Washington (taz) – Das Verhältnis zwischen Pentagon und Presse war bislang eindeutig: Die Militärs bestimmten, wie weit die JournalistInnen gehen durften. 1983 sorgte das Verteidigungsministerium bei der Invasion Grenadas faktisch für einen Nachrichten- Blackout. In Panama oder während des Golfkrieges wurden Journalisten in Pools gepfercht wie Kleinkinder in den Laufstall. Jetzt wurde wieder einmarschiert – dieses Mal in humanitärer Mission. Das vermeintlich feindliche Gebiet, der Strand von Mogadischu, war bereits von der Presse bevölkert, als die ersten Marines an Land stiegen und entnervt oder perplex in die Scheinwerfer der Kamerateams blinzelten. Es fehlte nur noch die Stimme aus dem Off: „Jungens, das war noch nichts. Alle noch mal ins Wasser.“

Im Gegensatz zur „Operation Desert Storm“ wollte das Pentagon bei „Operation Restore Hope“ die Medien hautnah dabeihaben. Die US-Armee als militärischer Arm der Hungerhilfe – das ist in den Augen des Verteidigungsministeriums nicht nur eine mögliche neue Perspektive für die neue Weltunordnung, sondern auch eine ideale PR-Chance. Doch die Rechnung ging nicht ganz auf. Vordergründig schimpfte Verteidigungsminister Dick Cheney nach der Landung darüber, daß seine Truppen durch Kamerascheinwerfer geblendet worden seien. In Wirklichkeit dürfte ihn etwas anderes geärgert haben: Aus der Dokumentation eines realen Truppeneinsatzes wurde die Dokumentation der Dreharbeiten für eine martialische Soap-opera: Die Kamerateams filmten, wie andere Kamerateams die Marines filmten. Vor diesem Bühnenbild wirkten die Soldaten mit ihren schwarz bemalten Gesichtern mehr lächerlich denn heldenhaft, der gigantische technische Einsatz eher überzogen als angemessen.

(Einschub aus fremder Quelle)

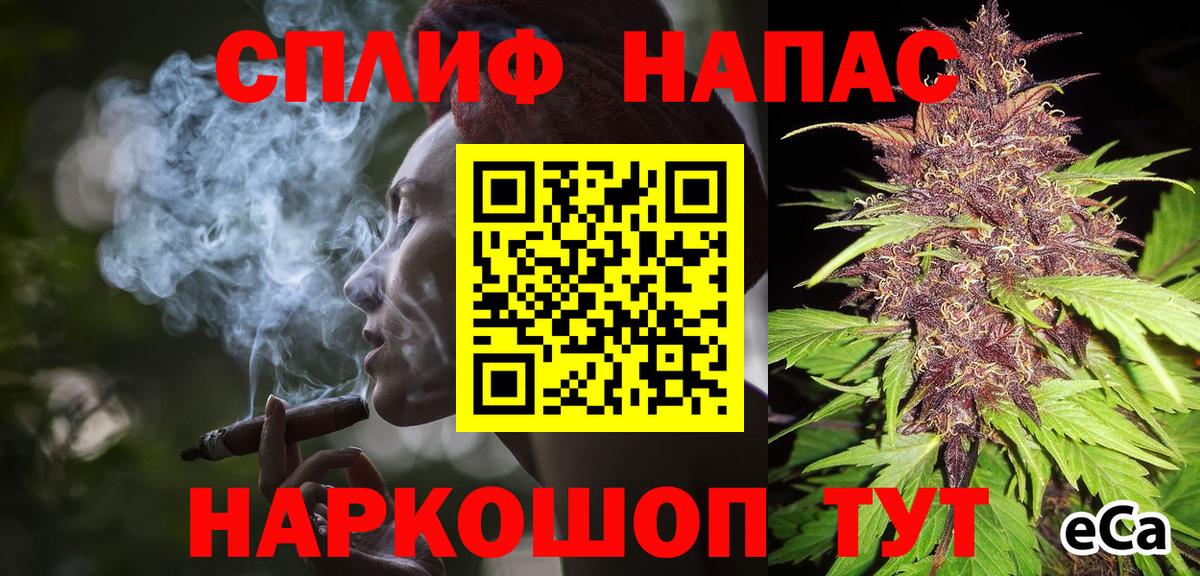Бошки Шишки сатива Ярославль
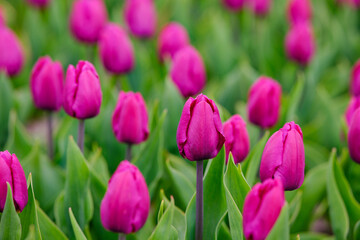 Fototapeta premium Field of purple tulips with green leaves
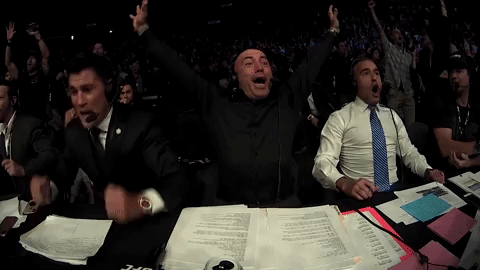 giphy.gif?cid=9b38fe91yjklwwv7orvew7963i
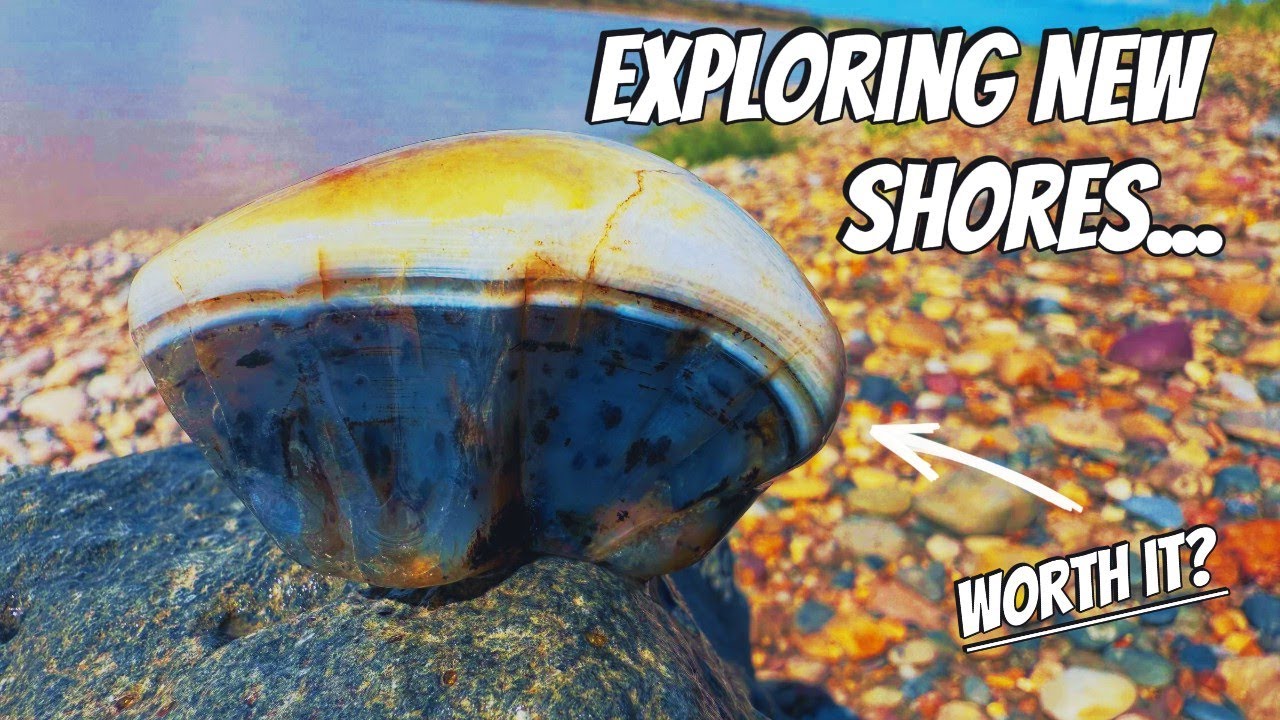 Agates, Ants & Adventure | Yellowstone River Rockhounding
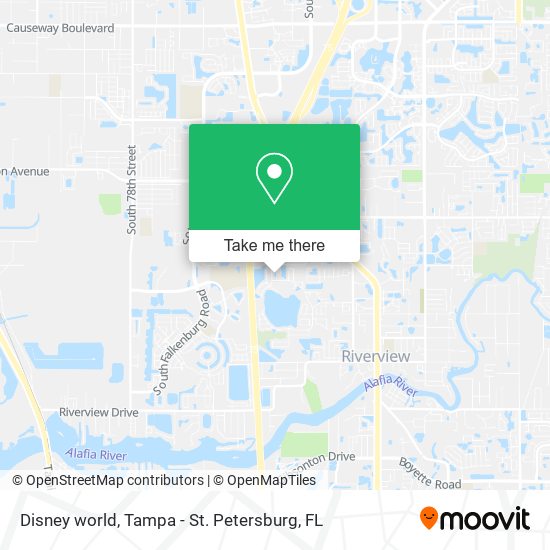 Disney world map
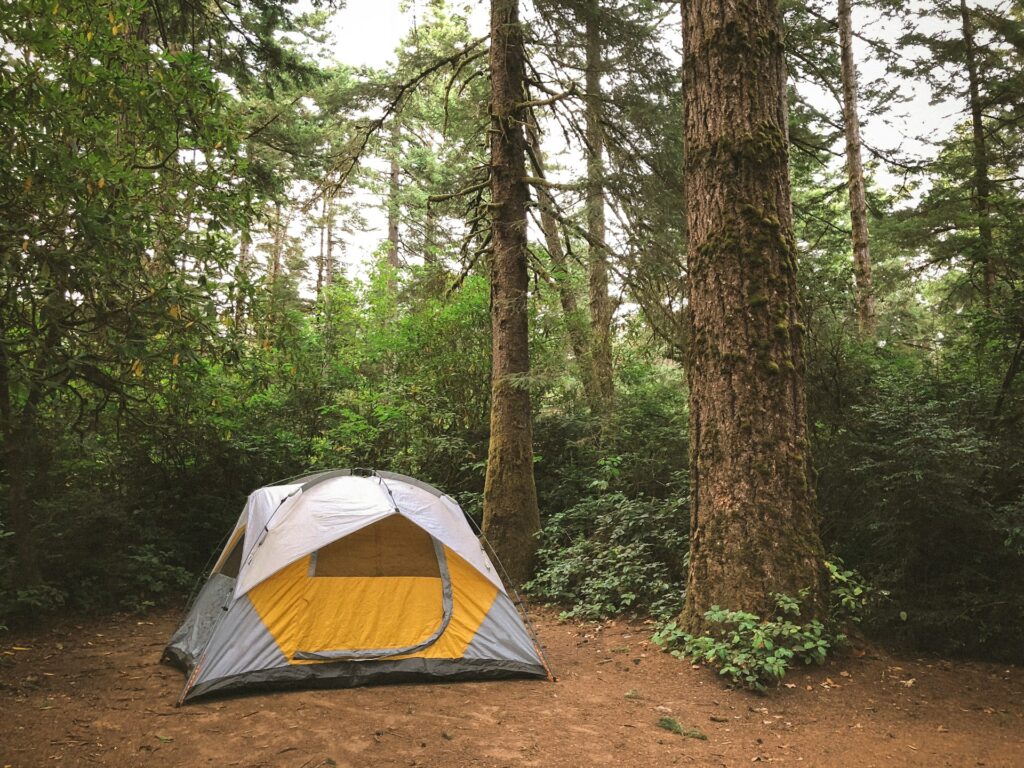 A yellow tent in a forest clearing.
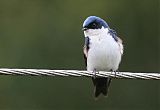 Blue-and-white Swallowborder=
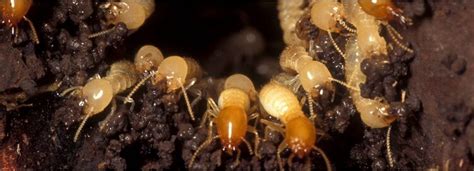 Image result for Formosan Termite Alate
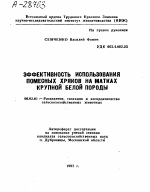 ЭФФЕКТИВНОСТЬ ИСПОЛЬЗОВАНИЯ ПОМЕСНЫХ ХРЯКОВ НА МАТКАХ КРУПНОЙ БЕЛОЙ ПОРОДЫ - тема автореферата по сельскому хозяйству, скачайте бесплатно автореферат диссертации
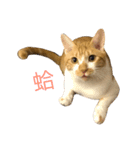 gunacat（個別スタンプ：12）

Die Absurdität der Situation war auch den Starmoderatoren der großen TV-Gesellschaften vor Ort klar: Dan Rather, Anchorman bei CBS, räumte ein, dies habe zum Teil „Hollywood- oder gar Cartoonqualität“. Auch Tom Brokaw von NBC fühlte sich als Teil des Spektakels nicht wohl in seiner Haut. Dann besann er sich wieder auf seine Aufgabe, den Zuschauern daheim die US-Schiffe oder Hubschraubertypen zu beschreiben, die am Strand auftauchten. Wem das noch nicht nah genug war, der konnte bereits Stunden vor der Landung der US-Truppen über CNN Nachtaufnahmen von der somalischen Küste empfangen, deren blaugrüner Schimmer unwillkürlich an die Bilder aus dem Golfkrieg erinnerten. Der Beginn von „Operation Restore Hope“ vor laufenden Kameras war im Pentagon nicht zuletzt als militärische Modenschau gedacht – eine visuelle Demonstration für den zukünftigen Präsidenten Bill Clinton, der über die geplanten Budgetkürzungen zweimal nachdenken soll.

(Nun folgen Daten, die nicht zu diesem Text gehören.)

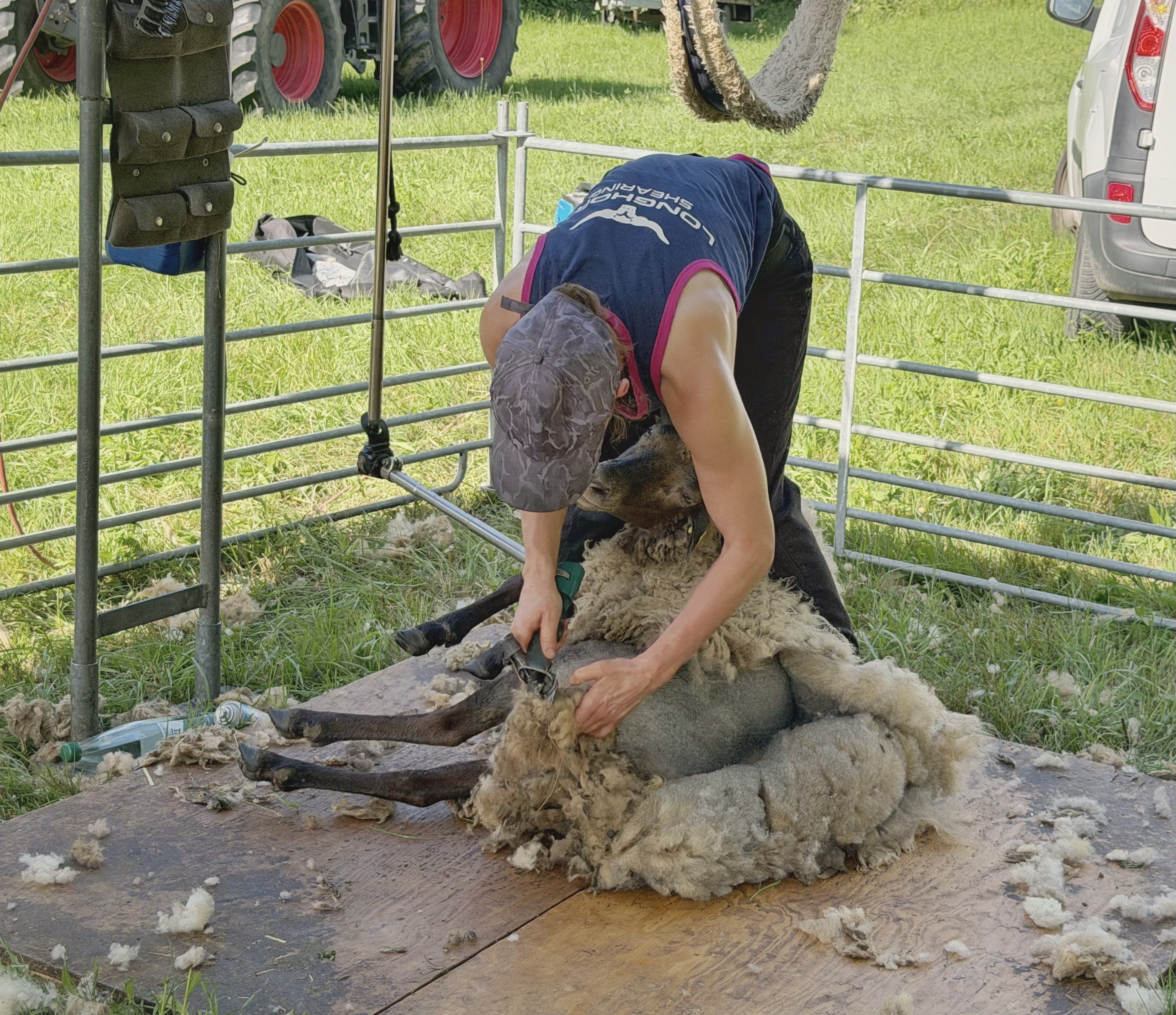 Sommerfrisur für unsere Schafe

Allerdings wäre es falsch, die US-Medien als manipulierbare PR-Figuren des Pentagon darzustellen. Ein Teil des politischen Drucks, der zur militärischen Intervention geführt hat, wurde in diesem Fall mobilisiert durch Reportagen, Leitartikel, TV-Berichte und Diskussionen sowie durch Bilder zahlreicher Pop- und Filmstars, die jüngst Somalia besuchten. Hilfsorganisationen wie Care oder Oxfam haben die Presse weidlich genutzt, um die UNO und die Bush-Administration zu stärkerer militärischer Präsenz zu drängen.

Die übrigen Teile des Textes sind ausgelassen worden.